A primary goal of SeaWiFs is to monitor worldwide populations of aquatic microbes. They might be small individually, but taken together the diminutive life forms play an important role in the global carbon cycle. NASA scientists are using SeaWiFS data to discover how marine plankton numbers vary throughout the year.
In the Galapagos, scientists expect populations of microbes and other invertebrates to recover in the short term. Their rapid life cycles will compensate for any immediate mortality triggered by the spill. But scientists also want to monitor long-term patterns.
Because of the high degree of interdependence between species in an ecosystem, the timing of the recovery of the various species after an incident such as this spill can influence the long-term health of the system.
"It's the mis-timing in these kinds of ecological systems that creates really persistent effects," Landis continued.
Landis offered the example of a rock that was affected by the Exxon Valdez oil spill in Prince William Sound in 1989. The rock was cleaned bare by recovery crews.

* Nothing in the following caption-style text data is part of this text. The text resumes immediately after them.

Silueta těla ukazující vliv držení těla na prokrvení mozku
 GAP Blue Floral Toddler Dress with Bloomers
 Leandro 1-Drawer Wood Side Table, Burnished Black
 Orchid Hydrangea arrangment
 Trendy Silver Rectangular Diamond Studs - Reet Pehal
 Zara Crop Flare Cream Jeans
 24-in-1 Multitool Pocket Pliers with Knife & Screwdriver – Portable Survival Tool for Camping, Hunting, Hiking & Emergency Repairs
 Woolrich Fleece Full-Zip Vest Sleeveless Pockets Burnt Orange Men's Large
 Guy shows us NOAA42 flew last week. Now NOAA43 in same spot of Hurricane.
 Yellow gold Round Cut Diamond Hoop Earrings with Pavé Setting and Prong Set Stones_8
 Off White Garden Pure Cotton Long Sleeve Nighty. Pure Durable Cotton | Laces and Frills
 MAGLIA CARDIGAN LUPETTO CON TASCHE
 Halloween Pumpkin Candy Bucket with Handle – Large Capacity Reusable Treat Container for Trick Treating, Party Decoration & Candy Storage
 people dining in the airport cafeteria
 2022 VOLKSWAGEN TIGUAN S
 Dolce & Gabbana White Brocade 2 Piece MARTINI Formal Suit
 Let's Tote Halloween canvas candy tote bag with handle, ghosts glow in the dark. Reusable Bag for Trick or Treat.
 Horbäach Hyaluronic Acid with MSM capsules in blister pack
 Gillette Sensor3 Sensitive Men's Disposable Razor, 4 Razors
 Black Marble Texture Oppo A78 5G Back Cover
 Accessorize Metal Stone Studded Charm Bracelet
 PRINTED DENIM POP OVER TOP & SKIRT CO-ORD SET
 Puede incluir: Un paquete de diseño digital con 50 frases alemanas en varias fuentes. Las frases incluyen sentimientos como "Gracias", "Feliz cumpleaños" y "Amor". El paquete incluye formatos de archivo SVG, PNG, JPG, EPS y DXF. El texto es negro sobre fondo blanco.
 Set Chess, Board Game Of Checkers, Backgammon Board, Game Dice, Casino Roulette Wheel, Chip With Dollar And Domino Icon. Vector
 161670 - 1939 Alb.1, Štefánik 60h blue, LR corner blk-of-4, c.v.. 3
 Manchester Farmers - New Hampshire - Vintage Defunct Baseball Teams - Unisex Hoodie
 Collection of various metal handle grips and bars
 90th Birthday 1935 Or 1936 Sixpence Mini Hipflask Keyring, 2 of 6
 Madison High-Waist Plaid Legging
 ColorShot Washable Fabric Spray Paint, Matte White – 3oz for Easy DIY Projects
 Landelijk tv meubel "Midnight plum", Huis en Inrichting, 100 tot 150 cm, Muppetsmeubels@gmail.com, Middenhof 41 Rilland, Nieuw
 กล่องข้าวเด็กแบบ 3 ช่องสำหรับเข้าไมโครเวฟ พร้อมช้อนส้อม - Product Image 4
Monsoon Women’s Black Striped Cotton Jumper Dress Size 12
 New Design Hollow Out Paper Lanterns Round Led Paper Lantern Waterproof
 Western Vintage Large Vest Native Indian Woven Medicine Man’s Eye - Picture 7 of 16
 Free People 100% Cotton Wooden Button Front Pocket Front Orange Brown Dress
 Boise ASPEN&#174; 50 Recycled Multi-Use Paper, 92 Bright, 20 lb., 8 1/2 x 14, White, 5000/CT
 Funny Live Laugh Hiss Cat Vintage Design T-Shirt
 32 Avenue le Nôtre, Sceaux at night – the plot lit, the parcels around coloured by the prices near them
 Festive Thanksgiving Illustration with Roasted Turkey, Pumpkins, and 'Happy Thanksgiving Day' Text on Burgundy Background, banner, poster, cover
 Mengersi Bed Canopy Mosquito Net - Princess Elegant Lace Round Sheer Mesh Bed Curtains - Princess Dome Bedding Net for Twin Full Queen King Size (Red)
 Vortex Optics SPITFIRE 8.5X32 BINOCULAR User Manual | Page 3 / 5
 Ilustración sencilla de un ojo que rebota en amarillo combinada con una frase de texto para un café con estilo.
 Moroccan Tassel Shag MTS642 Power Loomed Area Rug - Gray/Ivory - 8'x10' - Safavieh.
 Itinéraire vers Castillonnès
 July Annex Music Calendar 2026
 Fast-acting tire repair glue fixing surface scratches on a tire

Soon after, the native Fucus gardneri (commonly known as "rockweed") recolonized the rock, and everything appeared to be fine. But when scientists checked the rock four years later, it was bare once again.
"The rock was bare not because of the chemical reappearing, but because the organisms had all colonized the rock at the same time, so they all got old and died at the same time," Landis said.
In places where habitat has been destroyed, the timing of recolonization can be particularly tricky.
"There's a whole sequence that ecologists call 'succession' which has to happen," said Mary Wilcox Silver, an ocean scientist at the University of California at Santa Cruz. "Succession" refers to the order and timing with which species must re-establish themselves for a stable ecosystem to develop.
While the short-term survival of more visible animals like birds and sea lions won't guarantee the integrity of the ecosystem as a whole, minimizing the damage to these populations is nevertheless a major concern.
"The most critical populations would be the Flightless Cormorants and the Galapagos Penguins," said Jerry Wellington, a professor of biology at the University of Houston who helped develop the original wildlife management plan for the Galapagos.
"They both have low populations, and they could be easily wiped out should something like an oil spill occur in their main habitat," Wellington said. The two bird species are "endemic" to the Galapagos; i.e., they are found nowhere else.
But while few of the birds have been found coated in oil, they may yet suffer some consequences from the spill if the base of their food chain -- marine microbes -- is at peril. A systematic assessment of the short-term impact will take about three months, according to the Charles Darwin Foundation, while monitoring for long-term effects is likely to continue for two to three years.